==== RECORDS PROVIDED ====

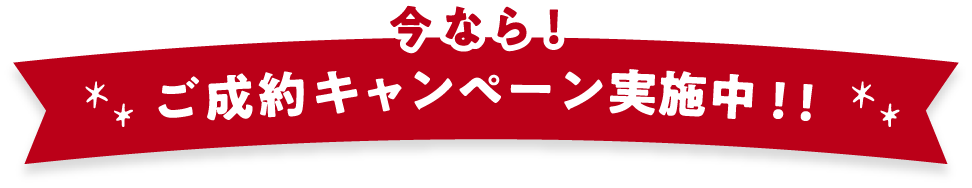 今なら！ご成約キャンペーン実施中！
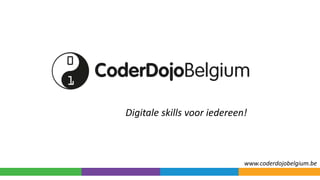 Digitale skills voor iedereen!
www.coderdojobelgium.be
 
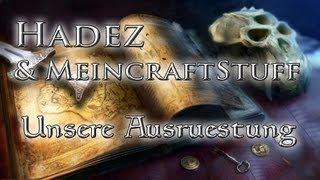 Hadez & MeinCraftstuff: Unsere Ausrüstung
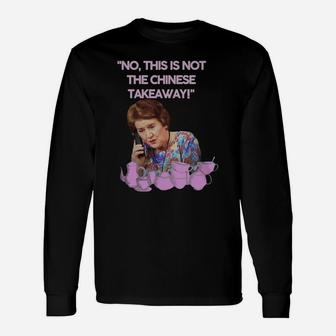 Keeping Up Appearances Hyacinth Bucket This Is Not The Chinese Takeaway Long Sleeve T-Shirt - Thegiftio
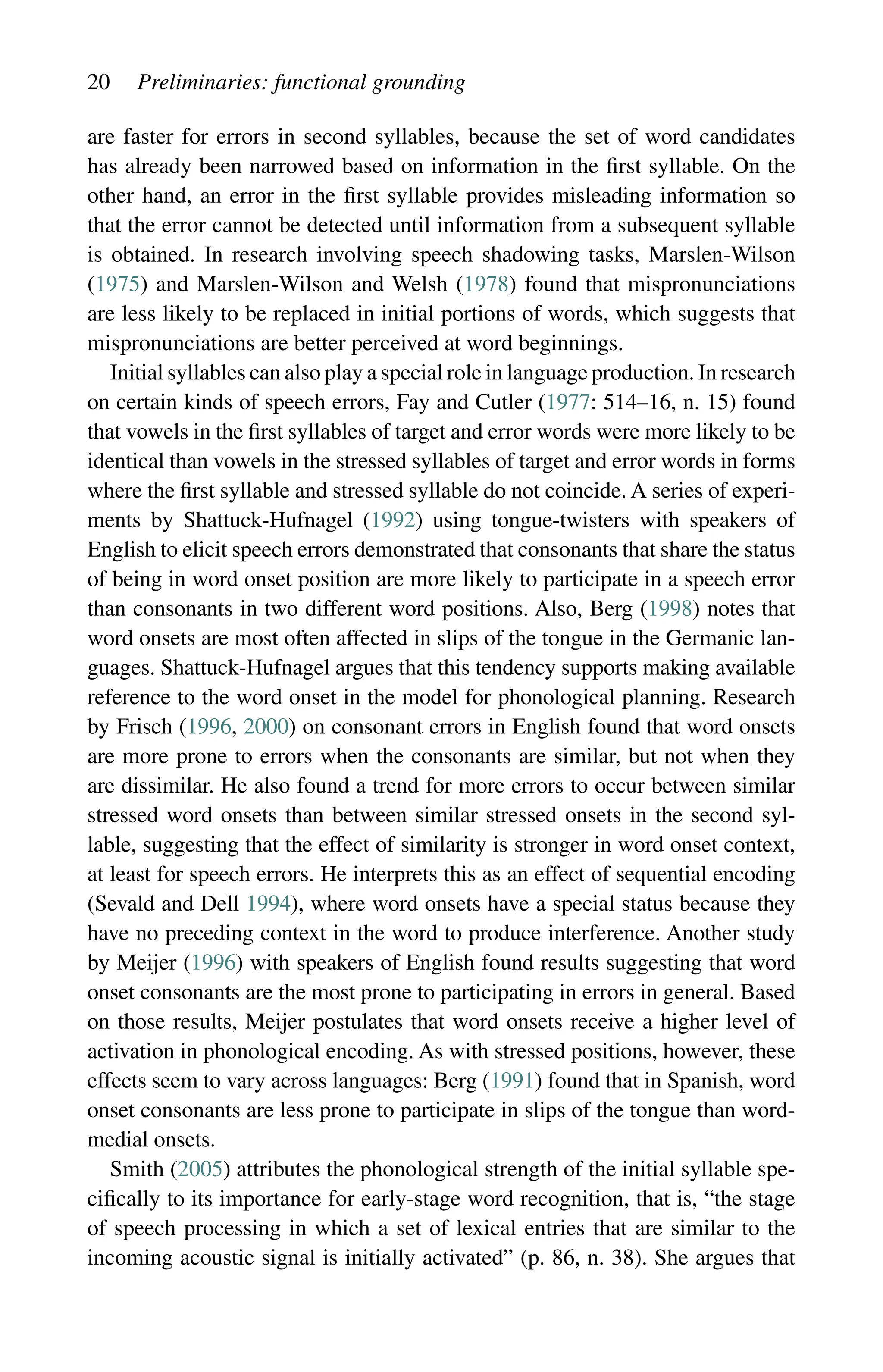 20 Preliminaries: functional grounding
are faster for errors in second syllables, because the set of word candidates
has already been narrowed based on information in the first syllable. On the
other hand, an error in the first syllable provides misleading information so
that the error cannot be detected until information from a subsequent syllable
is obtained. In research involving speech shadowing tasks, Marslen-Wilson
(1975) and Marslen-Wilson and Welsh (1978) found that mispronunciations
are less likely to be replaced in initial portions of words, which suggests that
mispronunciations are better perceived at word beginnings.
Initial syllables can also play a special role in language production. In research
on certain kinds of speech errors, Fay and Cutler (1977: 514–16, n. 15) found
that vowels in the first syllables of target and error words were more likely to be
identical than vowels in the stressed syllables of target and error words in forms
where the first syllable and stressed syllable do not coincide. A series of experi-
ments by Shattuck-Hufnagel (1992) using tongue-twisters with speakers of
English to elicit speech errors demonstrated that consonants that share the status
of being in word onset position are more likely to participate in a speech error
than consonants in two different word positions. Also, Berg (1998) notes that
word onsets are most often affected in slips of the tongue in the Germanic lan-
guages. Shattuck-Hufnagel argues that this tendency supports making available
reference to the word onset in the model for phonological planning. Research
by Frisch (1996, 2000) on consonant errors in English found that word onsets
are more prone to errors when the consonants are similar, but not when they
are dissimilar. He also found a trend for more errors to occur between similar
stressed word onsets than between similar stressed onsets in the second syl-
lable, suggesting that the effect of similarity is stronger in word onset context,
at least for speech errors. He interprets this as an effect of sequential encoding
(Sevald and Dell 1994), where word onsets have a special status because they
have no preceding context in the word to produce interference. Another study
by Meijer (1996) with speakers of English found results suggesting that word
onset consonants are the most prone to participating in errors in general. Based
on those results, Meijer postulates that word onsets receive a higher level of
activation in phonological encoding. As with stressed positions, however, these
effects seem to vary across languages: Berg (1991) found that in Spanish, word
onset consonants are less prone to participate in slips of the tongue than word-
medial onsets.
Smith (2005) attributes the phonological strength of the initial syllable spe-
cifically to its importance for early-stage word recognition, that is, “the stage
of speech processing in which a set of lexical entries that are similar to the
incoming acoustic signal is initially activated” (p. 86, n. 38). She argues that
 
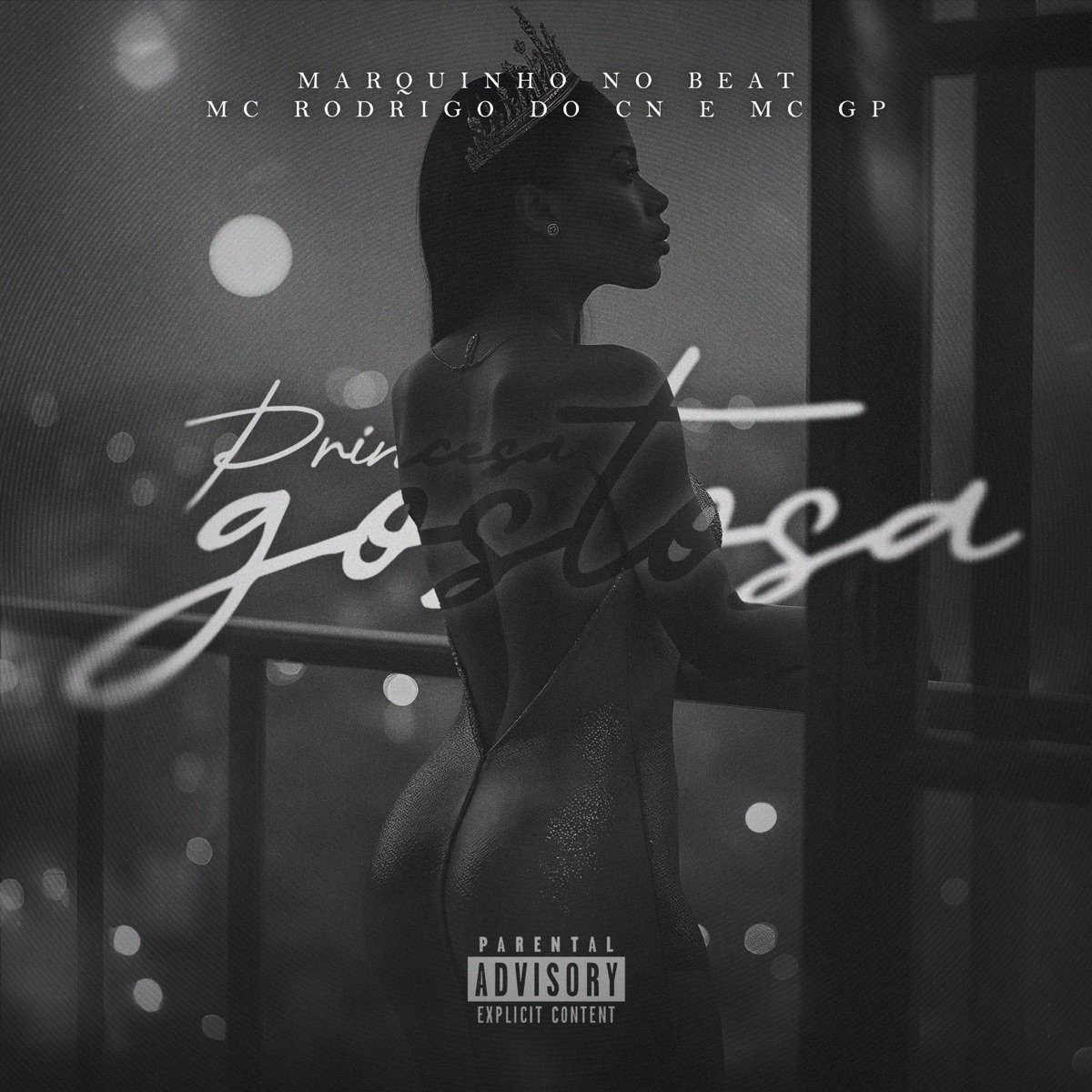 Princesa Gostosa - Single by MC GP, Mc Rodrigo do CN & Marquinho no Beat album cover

====
==== RECORDS PROVIDED ====

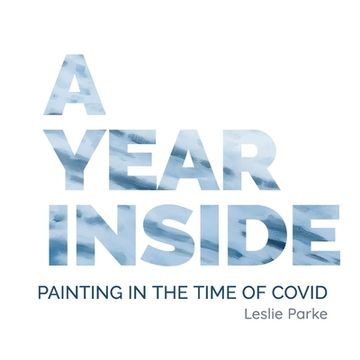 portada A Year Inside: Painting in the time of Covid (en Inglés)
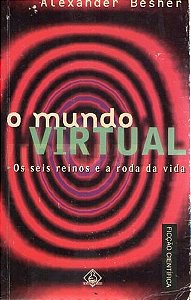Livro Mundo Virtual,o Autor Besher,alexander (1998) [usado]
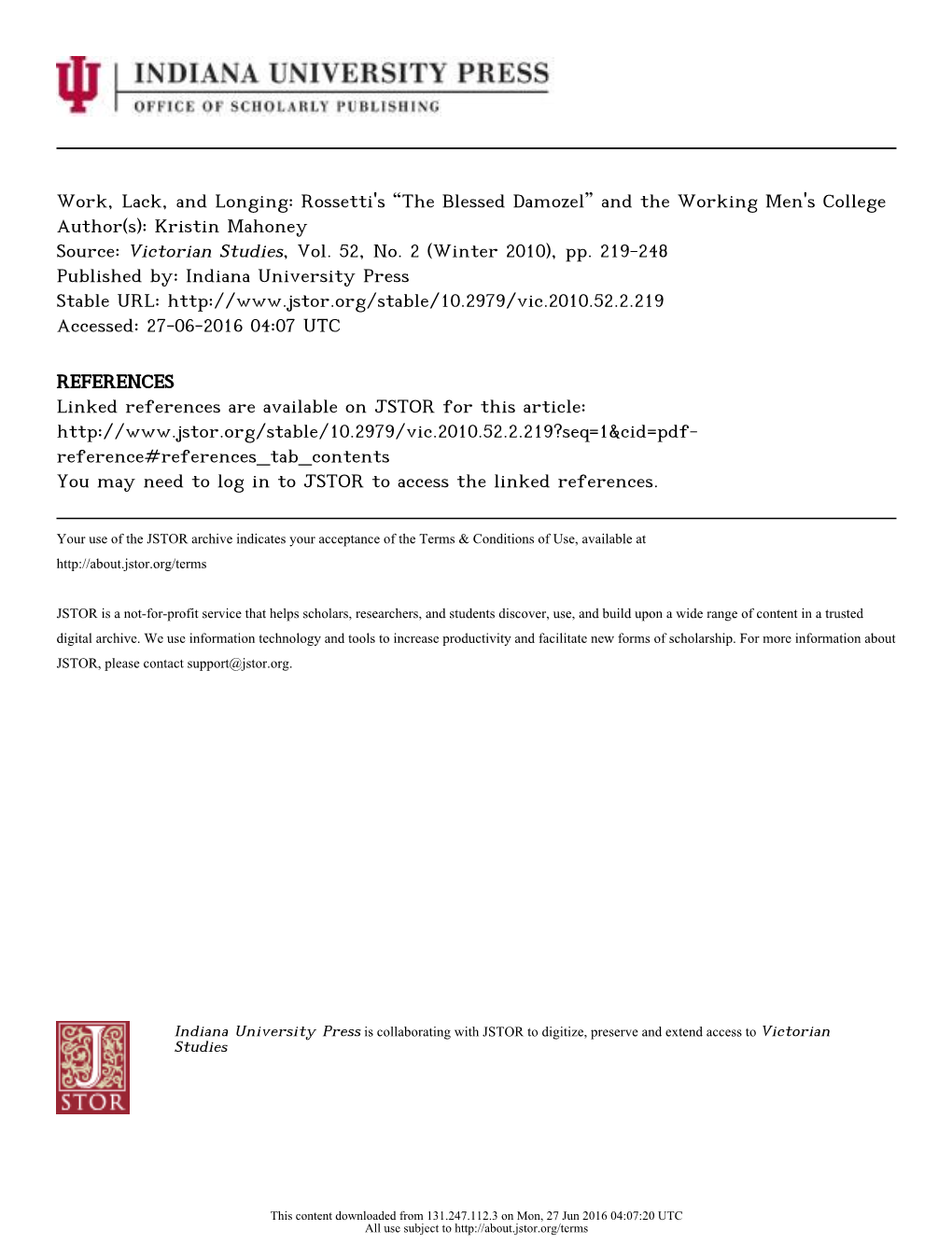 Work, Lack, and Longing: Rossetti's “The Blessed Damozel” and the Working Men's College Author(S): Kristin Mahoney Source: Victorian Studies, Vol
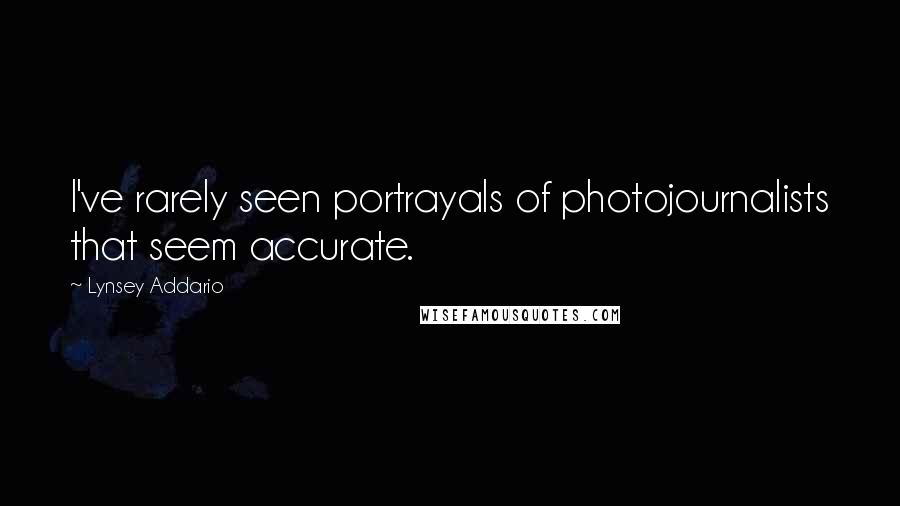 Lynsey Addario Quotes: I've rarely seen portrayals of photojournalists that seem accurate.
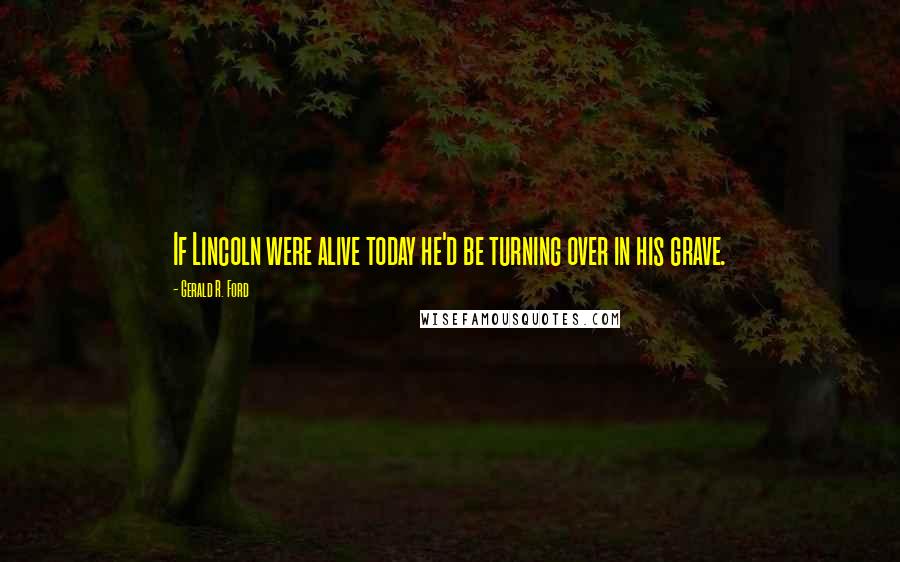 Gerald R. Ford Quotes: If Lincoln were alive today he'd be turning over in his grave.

====
==== RECORDS PROVIDED ====

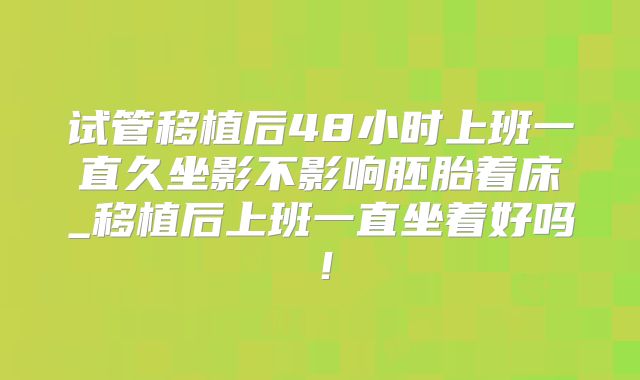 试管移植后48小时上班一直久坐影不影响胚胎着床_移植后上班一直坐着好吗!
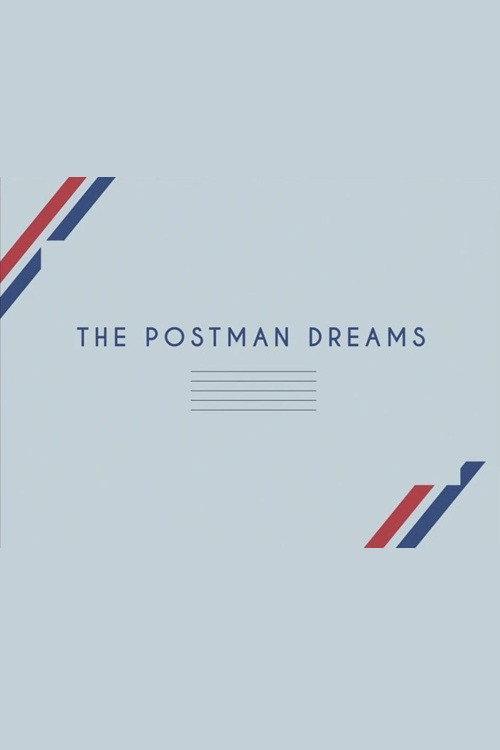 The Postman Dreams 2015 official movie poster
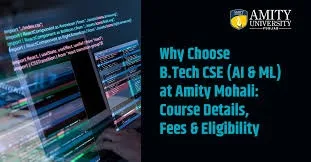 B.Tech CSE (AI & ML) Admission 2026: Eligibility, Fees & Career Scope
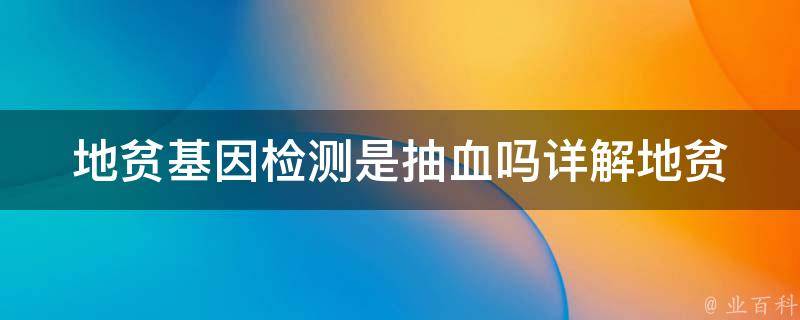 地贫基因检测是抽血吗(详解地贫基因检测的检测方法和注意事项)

====

- [WHAT NEEDS TO BE DONE]:
Search the material above for the word "syllables", then copy each line that holds it.

- [TASK RESPONSE]:
are faster for errors in second syllables, because the set of word candidates
Initial syllables can also play a special role in language production. In research
that vowels in the first syllables of target and error words were more likely to be
identical than vowels in the stressed syllables of target and error words in forms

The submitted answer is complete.